Each film-coated tablet contains: Simvastatin 20 mg or 40 mg.
Pharmacology: Pharmacokinetics: Simvastatin is absorbed from the gastrointestinal tract and is hydrolysed to its active β-hydroxy acid form. Other active metabolites have been detected and a number of inactive metabolites are also formed. It undergoes extensive first-pass metabolism in the liver, its primary site of action. Less than 5% of the oral dose has been reported to reach the circulation as active metabolites. Both simvastatin and its β-hydroxy acid metabolite are about 95% bound to plasma proteins. It is mainly excreted in the faeces via the bile as metabolites. About 10 to 15% is recovered in the urine, mainly in inactive forms. The half-life of the active metabolite is 1.9 hours.
Simvastatin is a lipid regulating drug. It is used to reduce LDL cholesterol, apolipoprotein B, and triglycerides, and to increase HDL cholesterol in the treatment of hyperlipidaemias, including hypercholesterolaemias and combined (mixed) hyperlipidaemia (type IIa or IIb hyperlipoproteinaemias). Statins can be effective as adjunct therapy in patients with homozygous familial hypercholesterolaemia who have some LDL-receptor function. Simvastatin is also given prophylactically to hypercholesterolaemic patients with ischemic heart disease.

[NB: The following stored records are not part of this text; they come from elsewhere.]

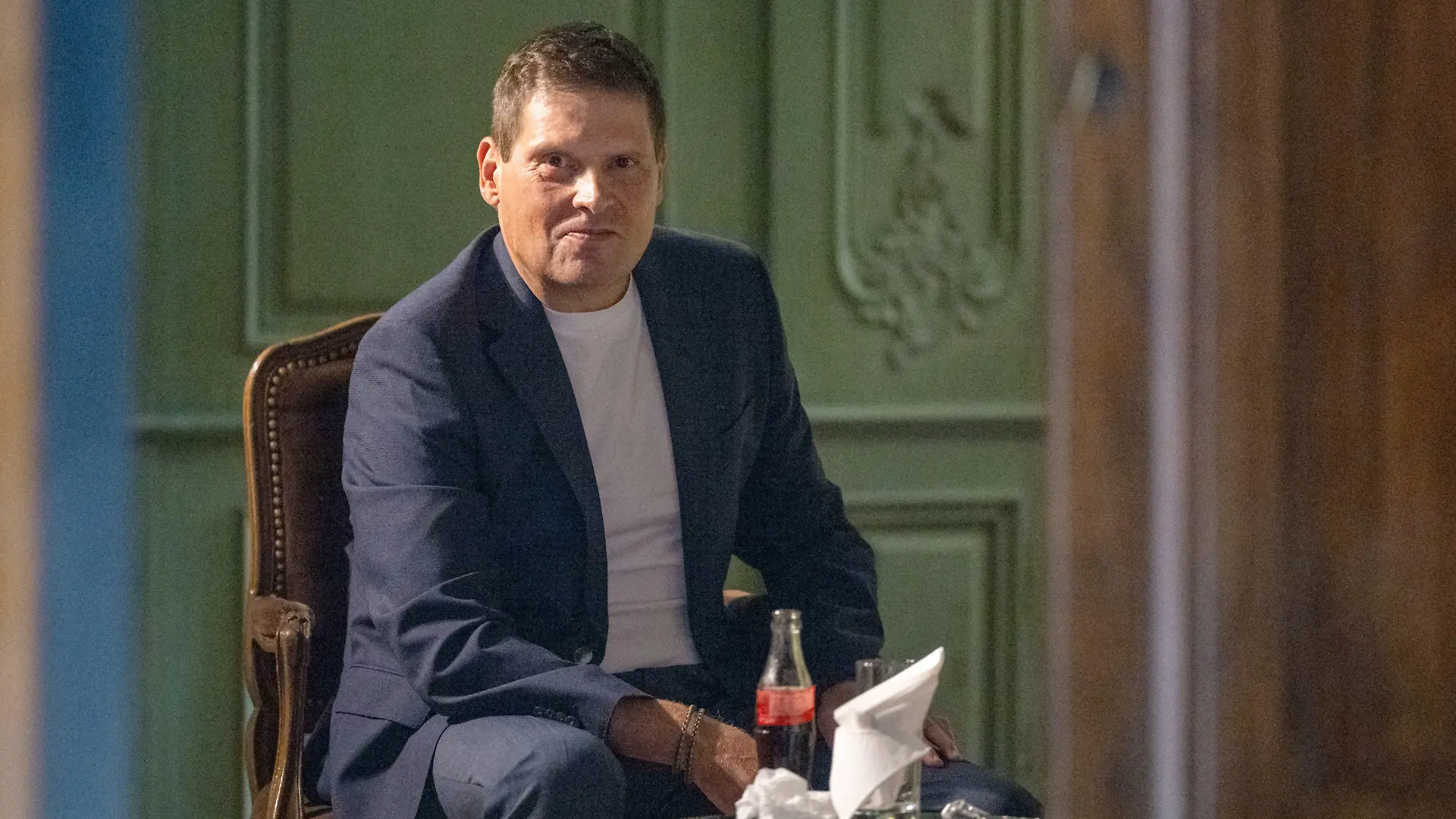 07.09.2023, Bayern, München: Sport: Prime Video Presents Sport. Pressekonferenz: Jan Ullrich, ehemaliger Radsportprofi, sitzt in der Maske vor einem Auftritt beim Streaming Anbieter Amazon Prime. Dort soll eine Doku über die Karriere des Radfahrers gezeigt werden. Foto: Christian Kolbert/Kolbert-Press/dpa +++ dpa-Bildfunk +++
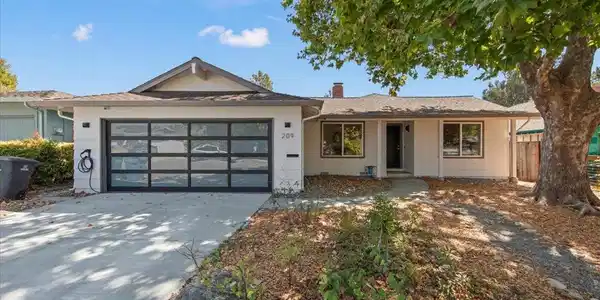 209 Calvin Place
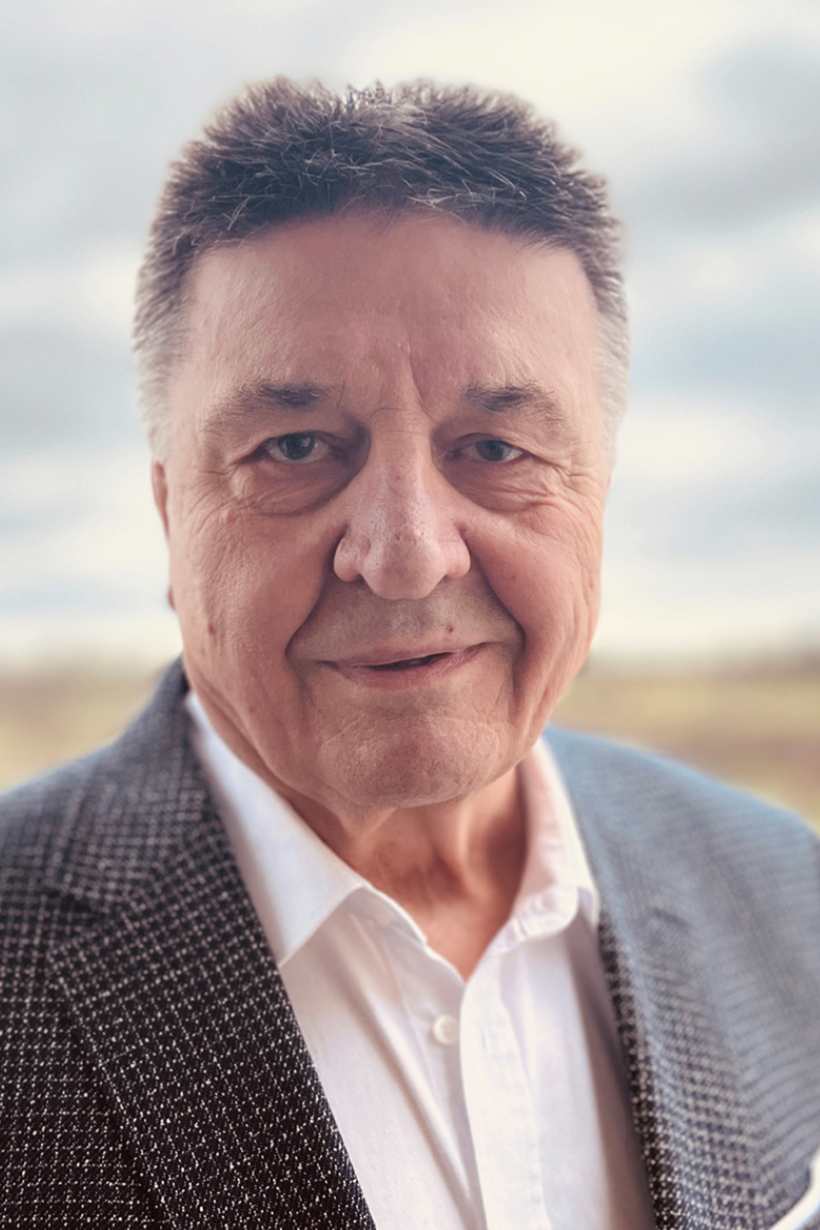 Ehrenvorsitzender Karl Munz TSV Bernhausen 1x1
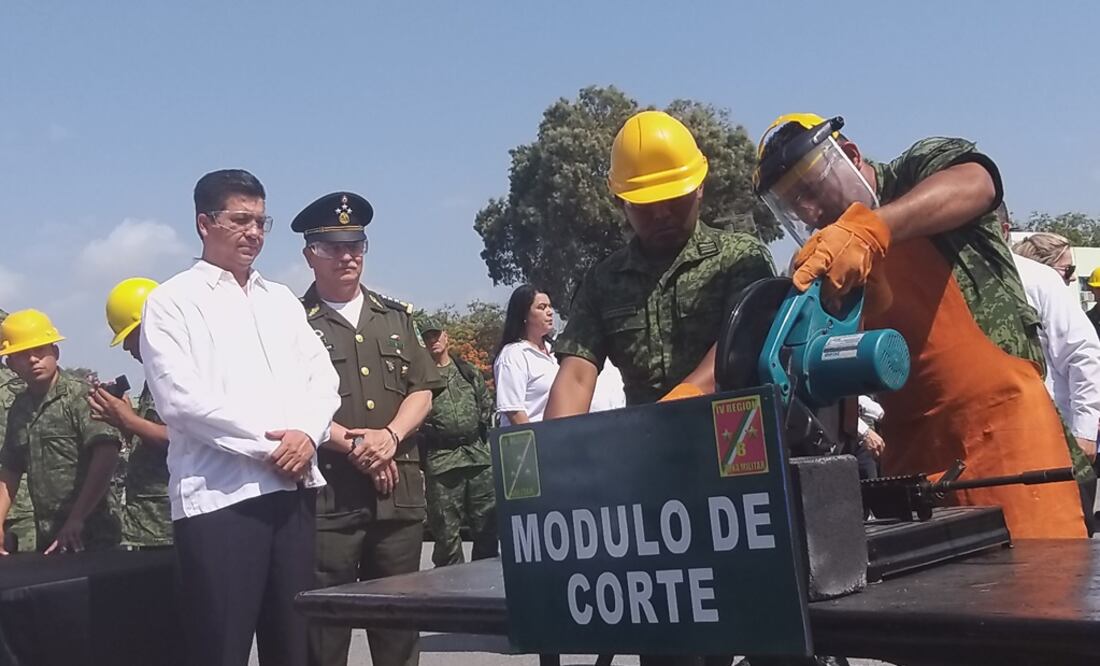 El gobernador estuvo presente en la ceremonia donde el Ejercito Mexicano destruyó mil 687 armas incautadas. Foto: Especial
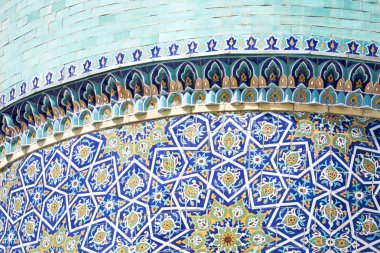 Barak Khan medrese, dekore edilmiş kubbe. Imam Meydanı hast (Həzrəti Imam) olan bir dini merkezi Taşkent.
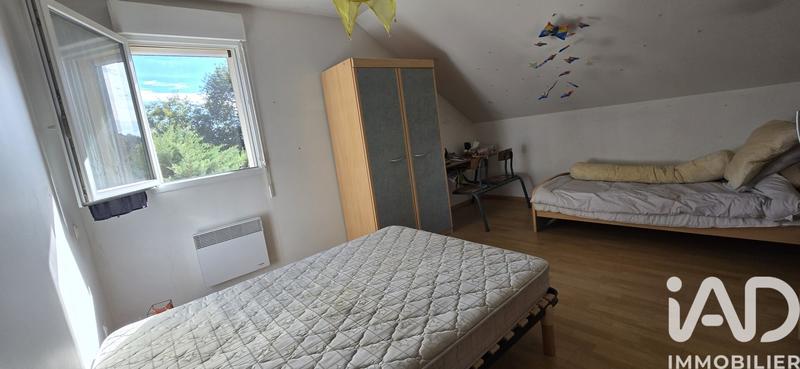 Maison - 216 m² - 8 pièces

Simvastatin is given by mouth in an initial dose of 5 to 10 mg in the evening; an initial dose of 20 mg may be used in patients with ischaemic heart disease. The dose may be adjusted at intervals of not less than 4 weeks up to a maximum of 80 mg once daily in the evening. Patients with homozygous familial hypercholesterolaemia may be treated with 40 mg once daily in the evening, or 80 mg daily in three divided doses of 20 mg, 20 mg, and an evening dose of 40 mg. A maximum of 10 mg daily is recommended in those taking cyclosporine, fibric acid derivatives, or nicotinic acid, and the risk of myopathy must be considered. Or as prescribed by the physician.
Simvastatin should not be given to patients with acute liver disease or unexplained persistently raised serum-aminotransferase concentrations. It should be avoided during pregnancy since there is a possibility that it could interfere with fetal sterol synthesis; there have been a few reports of congenital abnormalities associated with statins. It should be discontinued if marked or persistent increases in serum aminotransferase or creatine phosphokinase concentrations occur. It should be used with caution in patients with severe renal impairment.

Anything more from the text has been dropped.